Level 3 announced this morning that its board of directors had promoted chief operating officer Jim Storey to CEO.
Storey takes over the tiller from longtime CEO Jim Crowe, who announced last month that he was stepping down by year’s end. Level 3 said that Storey was also nominated for election to its board at the company's upcoming stockholders meeting next month while Crowe would not stand for reelection to the board.
"We are extremely pleased to name Jeff as our new CEO and look forward to him joining our board of directors," said Walter Scott, Jr. , chairman of the board of directors of Level 3. "Jeff was the clear and unanimous choice of the Board. With 30 years of industry experience and his intimate knowledge of Level 3's customers, employees and operating environment, Jeff is the right executive to lead Level 3 into the future."
Storey joined fiber-optics network vendor Level 3 in 2008 as the company's president and chief operating officer. Prior to Level 3, he served as president of Leucadia Telecommunications Group where he was responsible for investments and operations across various industries.
Before Leucadia, Storey was president and chief executive officer at WilTel Communications, which also built fiber optics networks. Prior to that, he was a senior executive at Cox Communications, where he was one of the founding members of Cox Business Services. Storey began his career in telecommunications with Southwestern Bell Telephone.

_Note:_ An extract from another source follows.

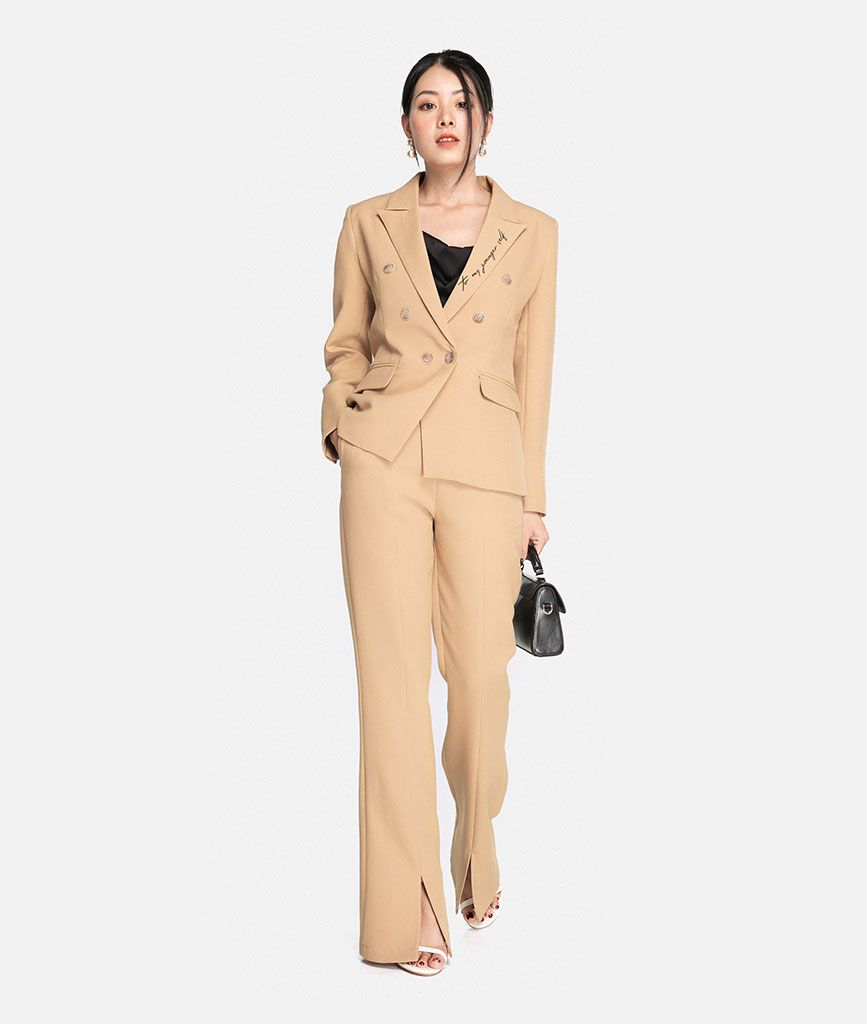 Khoác blazer 2 hàng nút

“I am honored by the confidence and trust the Board has placed in me and am energized by the opportunities ahead for our company," said Storey. "Today with our solid financial foundation, our expanding position in the enterprise market and the substantial progress we've made with integration, I believe our opportunities are greater than ever.

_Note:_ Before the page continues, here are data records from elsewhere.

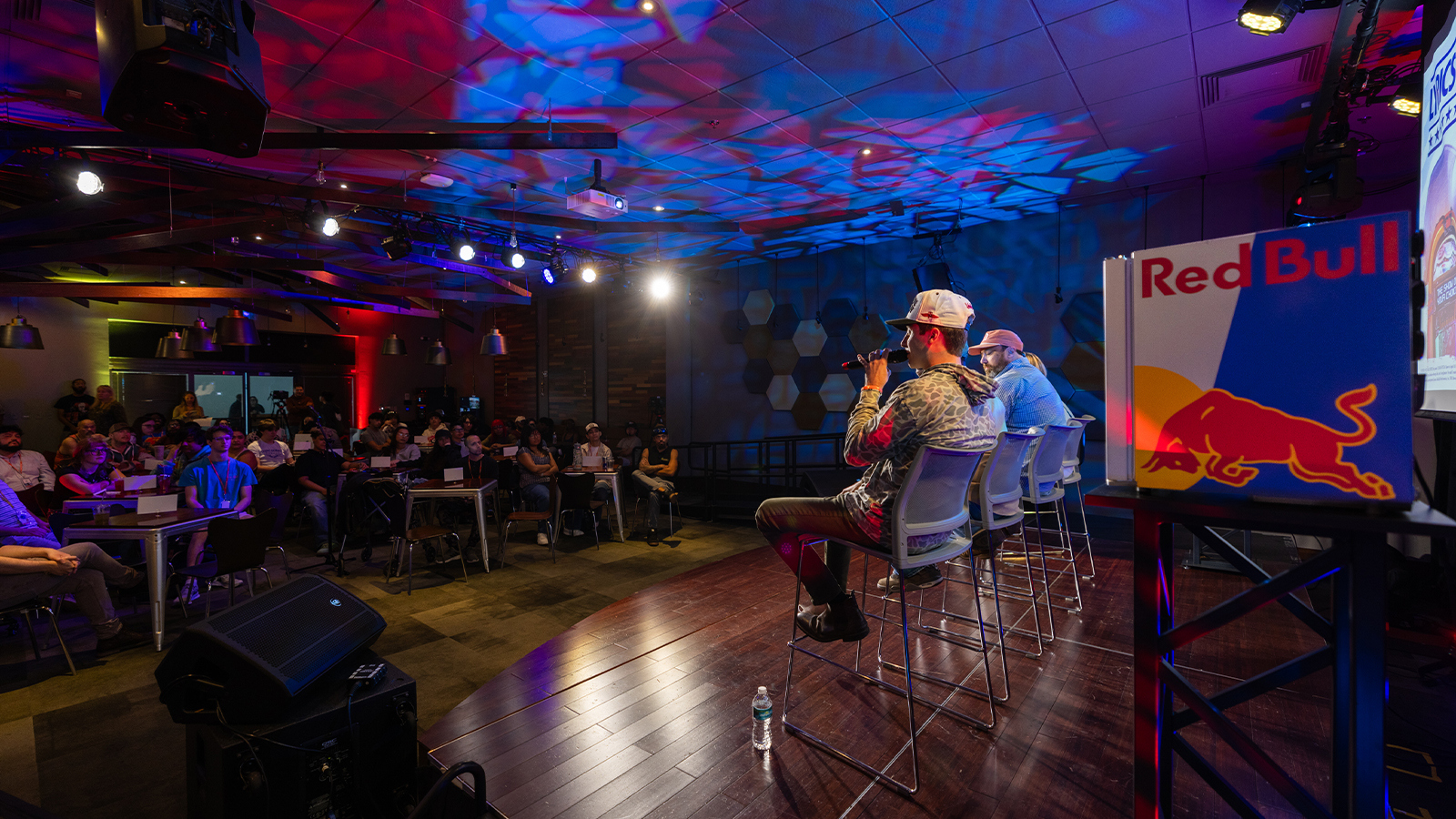 Seminário de Composição Musical da Red Bull Jukebox conecta alunos a profissionais da indústria da música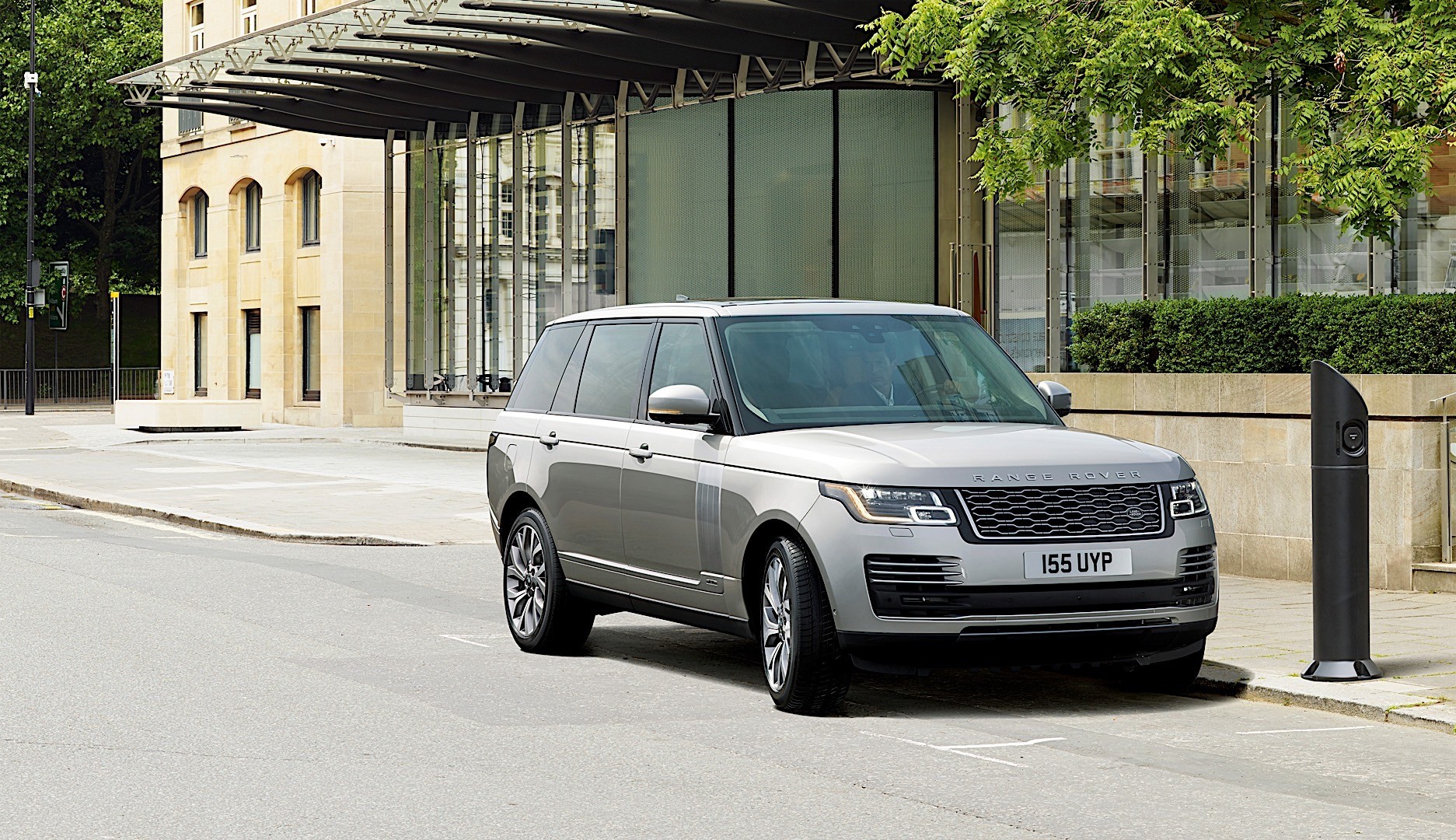 Land Rover Range Rover Phev photo 15
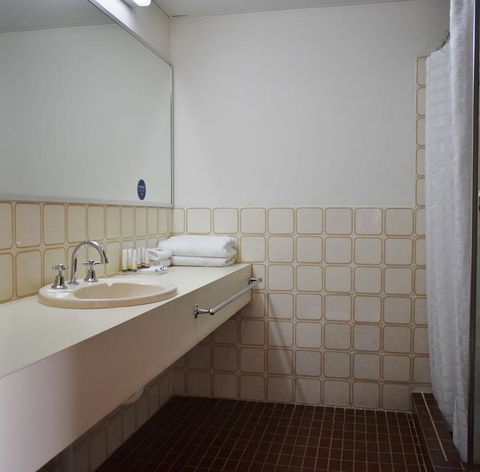 Admiral Motel Bunbury - Australian Directory 1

"The company is where it is today because of Jim Crowe. On behalf of the entire company, I thank Jim for his inspired leadership and strong belief in what Level 3 could become.”
Prior to becoming a global company, Crowe led Level 3’s build out of a national fiber backbone network starting in 1998. Level 3 was ahead of the curve when it came to deploying fiber by laying dark fiber in its new routes. Without services such as video over the Internet, and with the dot.com bust in the 2000s, Level 3 struggled at times to keep its pipes full and the company profitable.
The onslaught of Internet video and other bandwidth-consuming services have bolstered Level 3’s prospects over the past few years. Broomfield, Colo.—based Level 3 offers core transport, IP, voice, video and content delivery for most of the medium to large Internet carriers in North America, Latin America and some areas abroad.
Overall, Level 3 serves customers in more than 500 markets in 55 countries over a global services platform anchored by owned fiber networks on three continents and connected by extensive undersea facilities.